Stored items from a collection
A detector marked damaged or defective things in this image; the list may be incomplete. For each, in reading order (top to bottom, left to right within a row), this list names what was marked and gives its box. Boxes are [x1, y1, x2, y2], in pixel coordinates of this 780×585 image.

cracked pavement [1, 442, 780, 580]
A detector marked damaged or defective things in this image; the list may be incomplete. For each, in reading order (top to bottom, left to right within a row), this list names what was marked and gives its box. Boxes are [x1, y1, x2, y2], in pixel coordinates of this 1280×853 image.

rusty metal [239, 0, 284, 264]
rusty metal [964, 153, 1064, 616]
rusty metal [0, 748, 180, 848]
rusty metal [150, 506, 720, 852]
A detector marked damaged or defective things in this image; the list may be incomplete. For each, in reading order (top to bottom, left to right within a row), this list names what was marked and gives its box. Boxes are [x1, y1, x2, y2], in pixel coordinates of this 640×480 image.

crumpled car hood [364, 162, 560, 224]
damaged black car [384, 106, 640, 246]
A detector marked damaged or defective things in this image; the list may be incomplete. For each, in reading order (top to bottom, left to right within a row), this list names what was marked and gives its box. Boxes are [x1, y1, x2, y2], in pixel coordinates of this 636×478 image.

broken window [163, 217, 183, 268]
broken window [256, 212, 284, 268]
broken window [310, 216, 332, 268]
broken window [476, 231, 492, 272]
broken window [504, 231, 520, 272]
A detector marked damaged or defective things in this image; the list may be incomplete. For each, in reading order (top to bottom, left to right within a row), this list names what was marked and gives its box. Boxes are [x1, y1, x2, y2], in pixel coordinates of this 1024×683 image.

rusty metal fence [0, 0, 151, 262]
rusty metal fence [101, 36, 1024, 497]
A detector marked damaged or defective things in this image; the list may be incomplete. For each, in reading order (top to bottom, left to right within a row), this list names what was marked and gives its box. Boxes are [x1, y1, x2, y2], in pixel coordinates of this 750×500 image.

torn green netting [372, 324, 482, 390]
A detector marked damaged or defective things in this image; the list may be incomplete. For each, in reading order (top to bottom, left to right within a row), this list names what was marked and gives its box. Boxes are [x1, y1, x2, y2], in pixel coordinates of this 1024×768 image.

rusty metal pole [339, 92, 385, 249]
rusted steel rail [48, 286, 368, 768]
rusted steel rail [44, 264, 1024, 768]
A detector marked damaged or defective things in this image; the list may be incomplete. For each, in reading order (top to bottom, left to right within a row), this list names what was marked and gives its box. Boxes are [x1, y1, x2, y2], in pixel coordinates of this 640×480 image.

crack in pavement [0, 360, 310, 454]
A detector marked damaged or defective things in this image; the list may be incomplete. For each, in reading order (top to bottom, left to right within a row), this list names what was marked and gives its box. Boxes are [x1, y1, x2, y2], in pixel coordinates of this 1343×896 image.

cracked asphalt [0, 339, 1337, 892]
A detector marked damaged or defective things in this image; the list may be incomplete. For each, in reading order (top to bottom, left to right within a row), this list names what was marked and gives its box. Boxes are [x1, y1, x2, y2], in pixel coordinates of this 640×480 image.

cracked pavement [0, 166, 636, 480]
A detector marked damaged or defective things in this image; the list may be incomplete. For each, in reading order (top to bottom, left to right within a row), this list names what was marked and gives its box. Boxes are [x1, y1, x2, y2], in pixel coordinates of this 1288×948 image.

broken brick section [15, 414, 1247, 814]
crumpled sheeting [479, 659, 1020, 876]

EXERCISE DETAILS. The answer must be an exact copy of the lines from the one containing "this 1024×768 image." through the last line of the records, both included.

ANSWER SPACE.
A detector marked damaged or defective things in this image; the list may be incomplete. For each, in reading order (top to bottom, left to right within a row), this list names what was marked and gives its box. Boxes are [x1, y1, x2, y2], in pixel coordinates of this 1024×768 image.

rusty metal pole [339, 92, 385, 249]
rusted steel rail [48, 286, 368, 768]
rusted steel rail [44, 264, 1024, 768]
A detector marked damaged or defective things in this image; the list may be incomplete. For each, in reading order (top to bottom, left to right within a row), this list names what was marked and gives its box. Boxes are [x1, y1, x2, y2], in pixel coordinates of this 640×480 image.

crack in pavement [0, 360, 310, 454]
A detector marked damaged or defective things in this image; the list may be incomplete. For each, in reading order (top to bottom, left to right within a row), this list names what was marked and gives its box. Boxes are [x1, y1, x2, y2], in pixel coordinates of this 1343×896 image.

cracked asphalt [0, 339, 1337, 892]
A detector marked damaged or defective things in this image; the list may be incomplete. For each, in reading order (top to bottom, left to right within a row), this list names what was marked and gives its box. Boxes are [x1, y1, x2, y2], in pixel coordinates of this 640×480 image.

cracked pavement [0, 166, 636, 480]
A detector marked damaged or defective things in this image; the list may be incomplete. For each, in reading order (top to bottom, left to right within a row), this list names what was marked and gives its box. Boxes are [x1, y1, x2, y2], in pixel coordinates of this 1288×948 image.

broken brick section [15, 414, 1247, 814]
crumpled sheeting [479, 659, 1020, 876]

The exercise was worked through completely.